Questions the Partial Report Leaves Unanswered

In a little under two weeks, hundreds of other officers of the Presbyterian Church in America (PCA) and I will gather in Louisville, Kentucky, to conduct the business of the church. 

One matter sure to garner attention is the partial report released last week by the denomination’s Ad-Interim Study Committee on Christian Nationalism. The committee was formed at last year’s General Assembly “to study the relationship between Christian Nationalism, Ethno-Nationalism, and related teachings” and offer any advice about whether these ideas “are in conformity with the system of doctrine taught in the Westminster Standards.”

The partial report is just that: partial. I appreciate the magnitude of what these brothers were tasked to do, and I found every committee member I interacted with to be professional, courteous, and a serious scholar with pastoral sensitivity. 

That said, what follows are the questions I have after reading the partial report—questions that may be answered in the forthcoming appendices, which the committee says “will provide robust exegetical, historical, and contemporary analysis of the central issues under discussion.” As it stands, however, here are the issues I believe warrant further attention. 

The Subscription Question

Perhaps the most significant part of the report is its assessment of the “substantial changes” between the original Westminster Confession of Faith and the 1788 American revisions on the important topic of political theology.

This is a point of serious contention among some of the brightest minds in the denomination, including Kevin DeYoung, the moderator of last year’s General Assembly, and the person responsible for forming the committee. DeYoung’s argument, alluded to in the report, is that the two versions “represent genuinely different and irreconcilable views of the civil magistrate.” Others argue the two versions are not contradictory but represent “different applications of the same shared principles to dissimilar political contexts.” The former say the 1788 revisions are a correction; the latter argue they are an adaptation to a new political reality. 

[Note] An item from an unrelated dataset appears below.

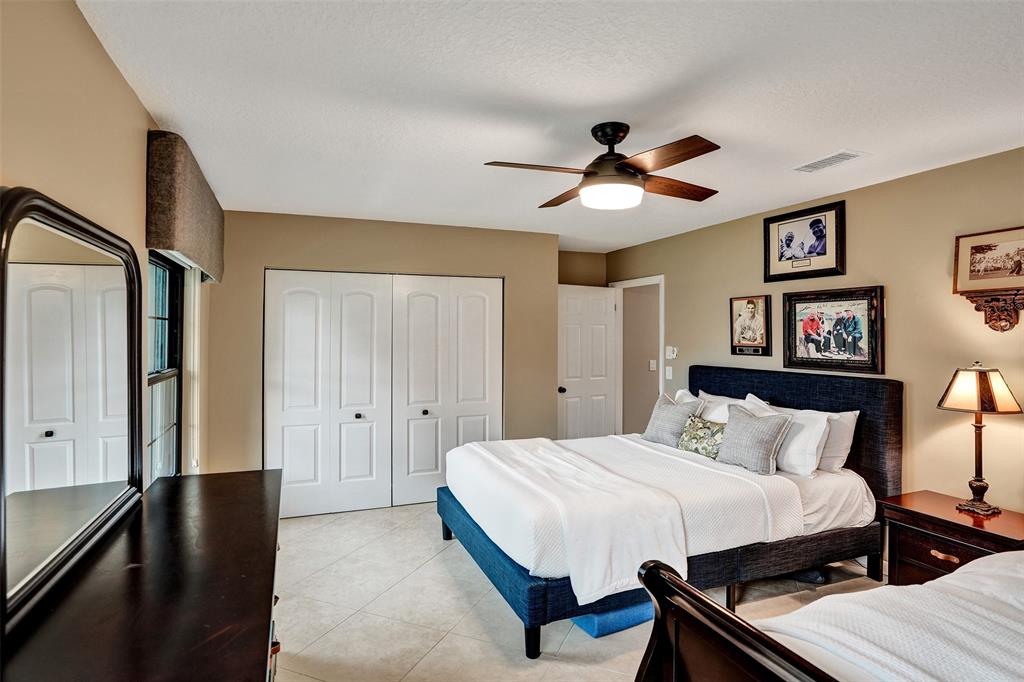 21357 Bridgeview Drive Boca Raton, FL 33428 - Photo 44 of 54 a bedroom with a bed and a chandelier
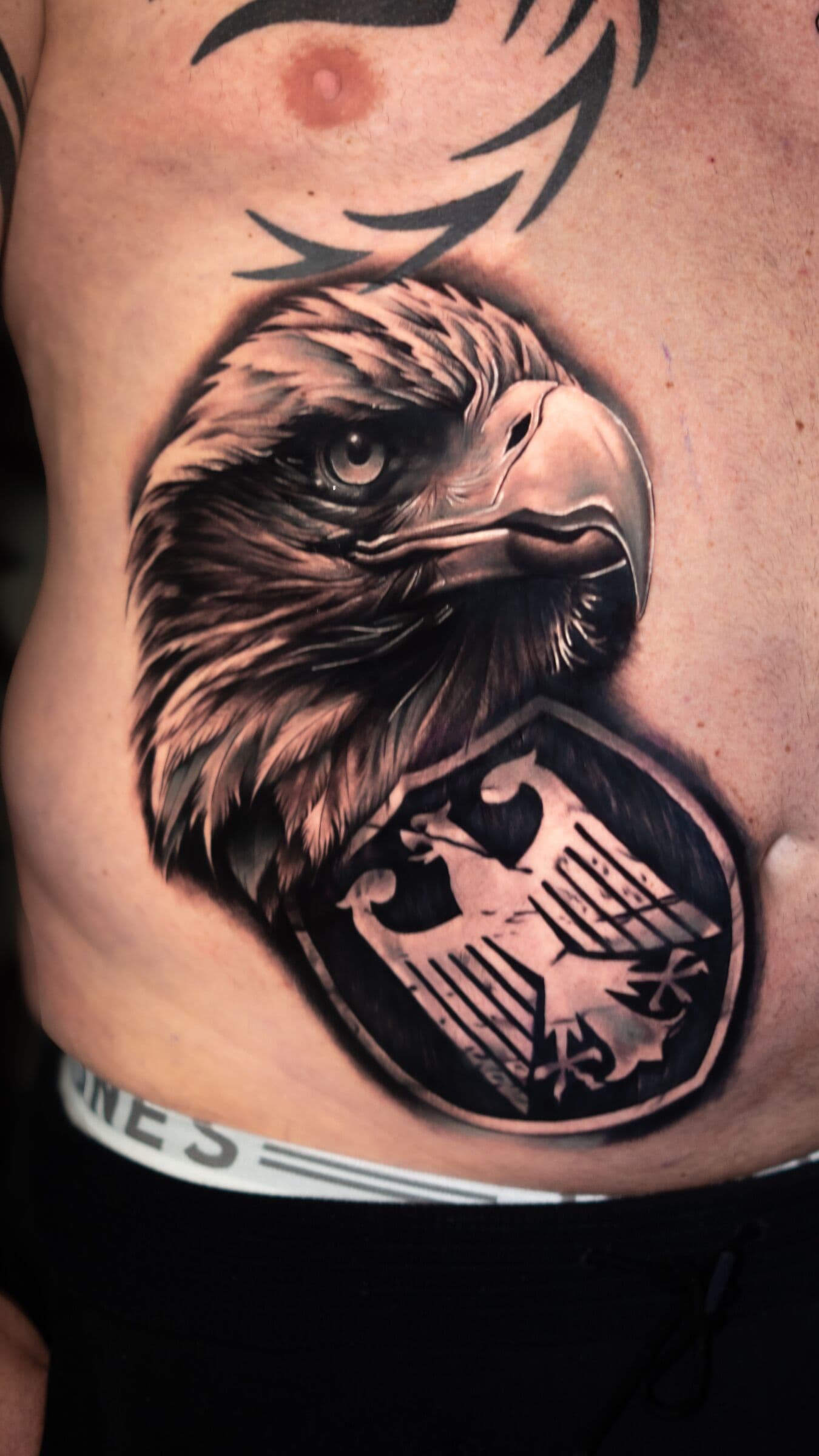 Adler mit Wappen, Tattoo an den Rippen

Though the report denies any attempt to resolve the question definitively, one cannot help but sense that its conclusions betray a sympathy with the correctionist view. 

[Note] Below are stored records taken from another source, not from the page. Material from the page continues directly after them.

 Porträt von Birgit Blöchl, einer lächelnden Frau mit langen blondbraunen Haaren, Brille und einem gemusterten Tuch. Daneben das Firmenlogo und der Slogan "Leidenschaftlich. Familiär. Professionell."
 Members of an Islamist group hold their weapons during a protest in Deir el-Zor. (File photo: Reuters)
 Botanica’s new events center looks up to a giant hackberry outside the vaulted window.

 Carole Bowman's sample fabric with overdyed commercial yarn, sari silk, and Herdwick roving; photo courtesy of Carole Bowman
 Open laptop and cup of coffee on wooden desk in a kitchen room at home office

While no one doubts the changes to WCF 23.3 were “substantial,” the committee goes further to assert that American Presbyterians made them because they believed the original confession “gave too much authority to the civil magistrate in matters of religion” and intended “to correct what they regarded as an error.”

The committee refers specifically to the removal of such magisterial rights and duties as suppressing heresies and calling synods delineated in the American revisions of WCF 23.3. The revisions also explicitly deny the magistrate the right to “interfere in matters of faith.” Any PCA officer who believes, in principle, that magistrates retain those rights and duties, the committee concludes, “is out of accord with the PCA’s Standards and must declare this difference to his examining body.”

PCA officers are bound to the 1788 revisions as stated in our Constitution. That much is true. However, the committee’s conclusion begs the question. It simply assumes that the removal of certain items equals their rejection and that revised language forbidding magistrates from interfering “in the least” in matters of faith settles the case. 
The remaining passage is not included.